Session: Streaming at Scale: Netflix’s Real-Time Data Magic for Smarter Recommendations
At Netflix, we generate approximately more than 10 billion impressions daily. These impressions, essential for powering video ranker algorithms and computing adaptive pages, significantly influence a viewer's browsing experience. With the evolution of user interfaces to be more responsive to in-session interactions, coupled with the growing demand for real-time adaptive recommendations, it has become highly imperative that these impressions are provided on a near real time basis. This talk will delve into the creative solutions Netflix deploys to manage this high-volume, real-time data requirement while balancing scalability and cost.
Bio
Tulika Bhatt is a Senior Software Engineer at Netflix, specializing in Personalization Data Engineering. With nearly a decade of experience spanning industries such as digital media, fintech, and telecommunications, Tulika has a proven track record of leveraging data to drive impactful user experiences.

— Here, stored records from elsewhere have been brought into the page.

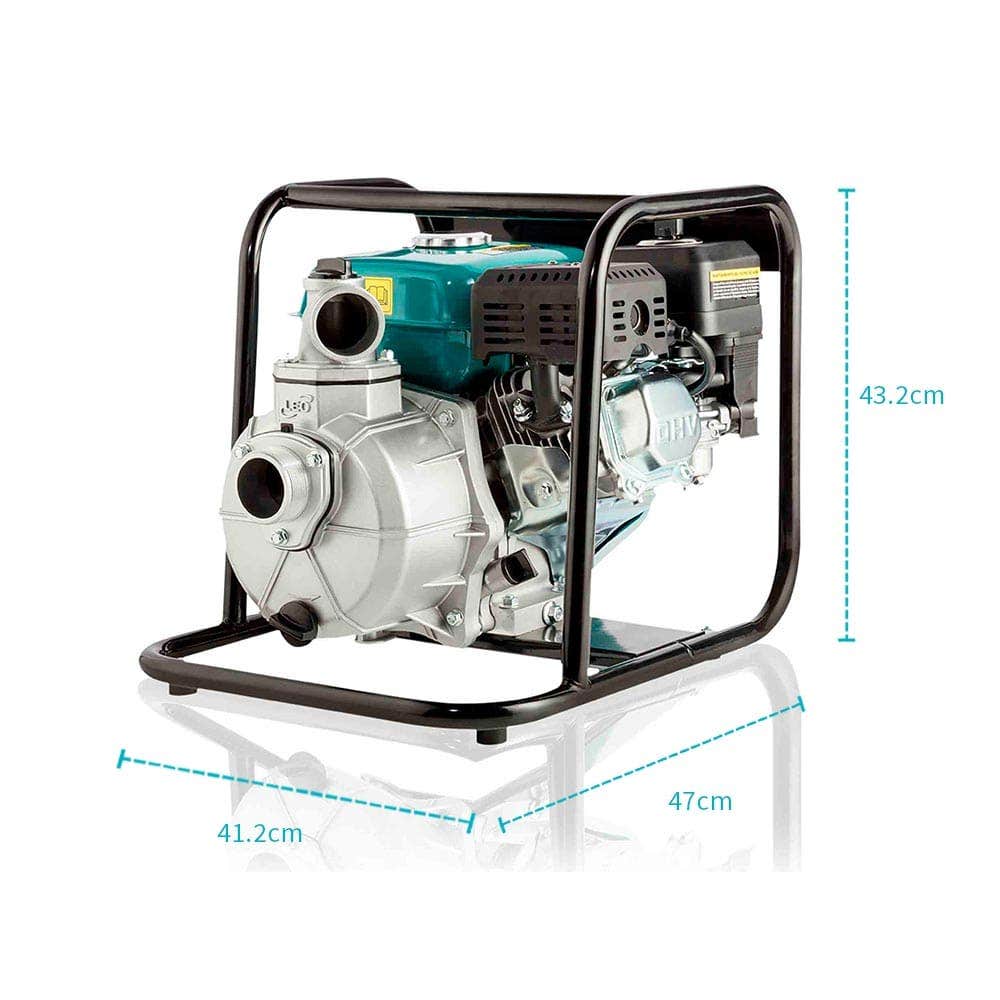 IUSA - Motobomba a gasolina 6.5 HP, 2” entrada/salida, IUSA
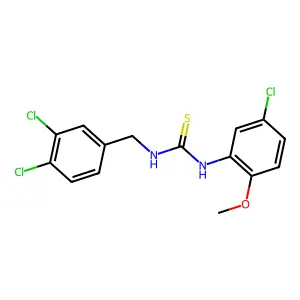 1-(5-Chloro-2-methoxyphenyl)-3-[(3,4-dichlorophenyl)methyl]thiourea structure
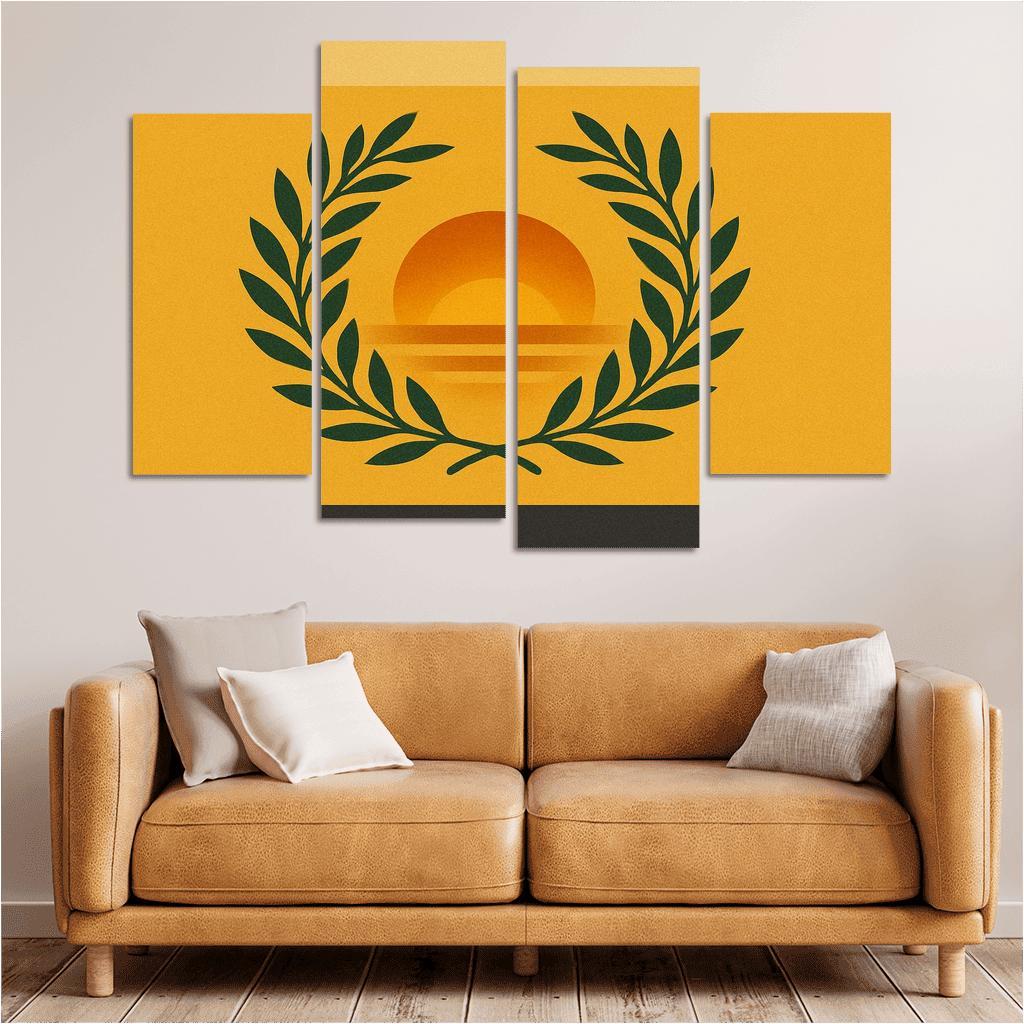 Golden Harvest Standard framed paintings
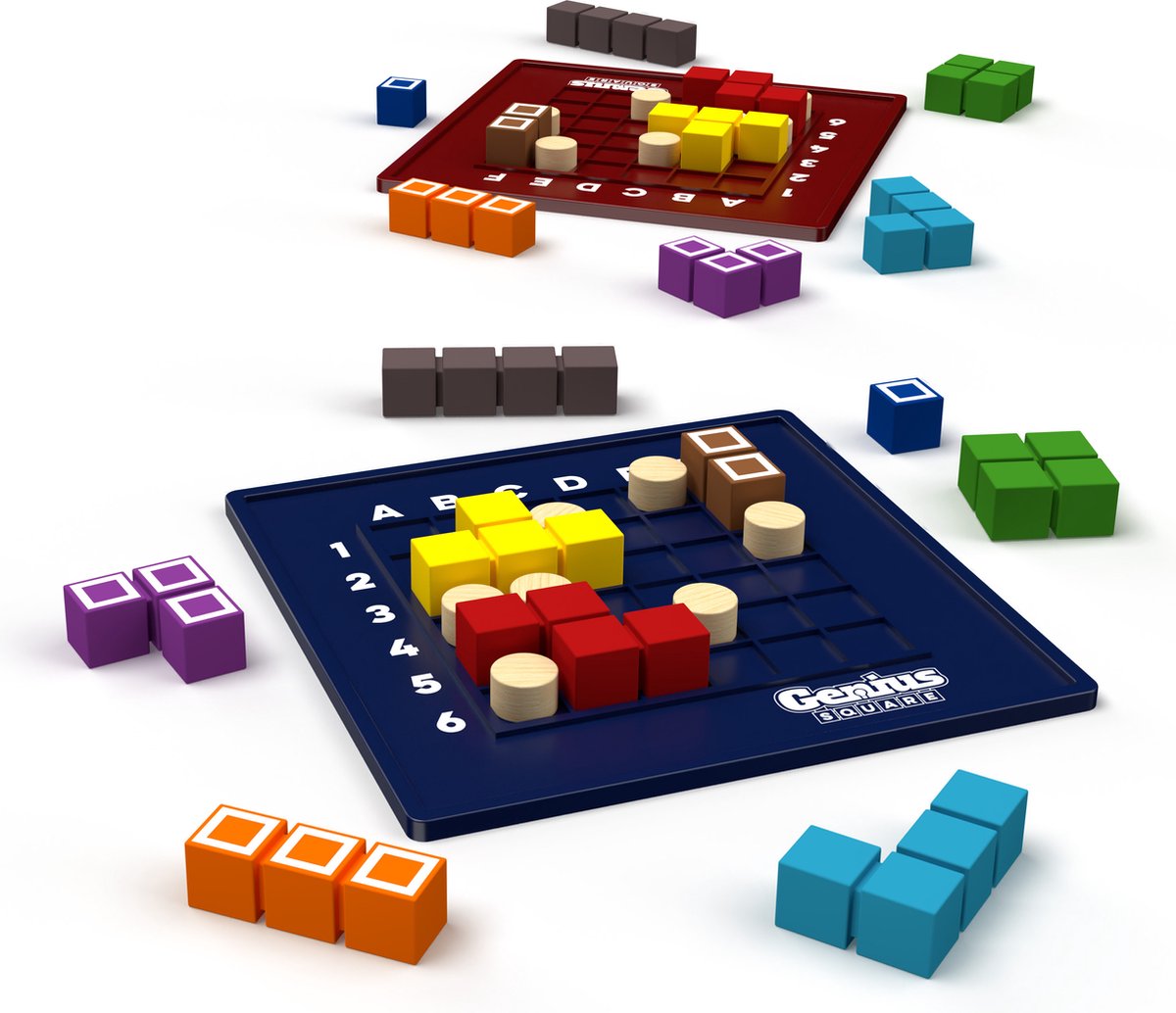 SmartGames Genius Square - Snel & Strategisch Denkspel - Meer dan 62.000 Puzzelcombinaties - Solospel & 2 Spelers - Vanaf 6 Jaar — cadeau in Spellen & Speelgoed - foto 5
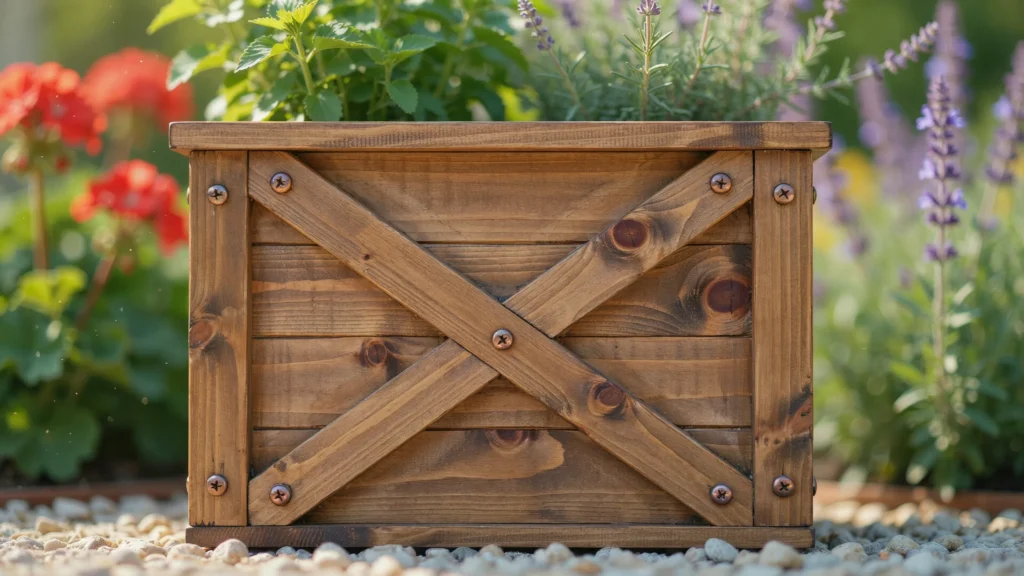 Should You Add an X-Pattern to the Sides of Your Planter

At Netflix, Tulika manages datasets that power content recommendations for over 250 million plus subscribers, processing trillions of data points annually. Previously, she held key roles at BlackRock, developing cloud-native financial applications and optimizing machine learning workflows, and at Verizon, where she enhanced self-service adoption through innovative web solutions. An alumna of Columbia University (M.S. in Computer Science), Tulika is passionate about sharing knowledge through speaking engagements, mentoring aspiring engineers, and contributing to industry conversations on data-driven innovation.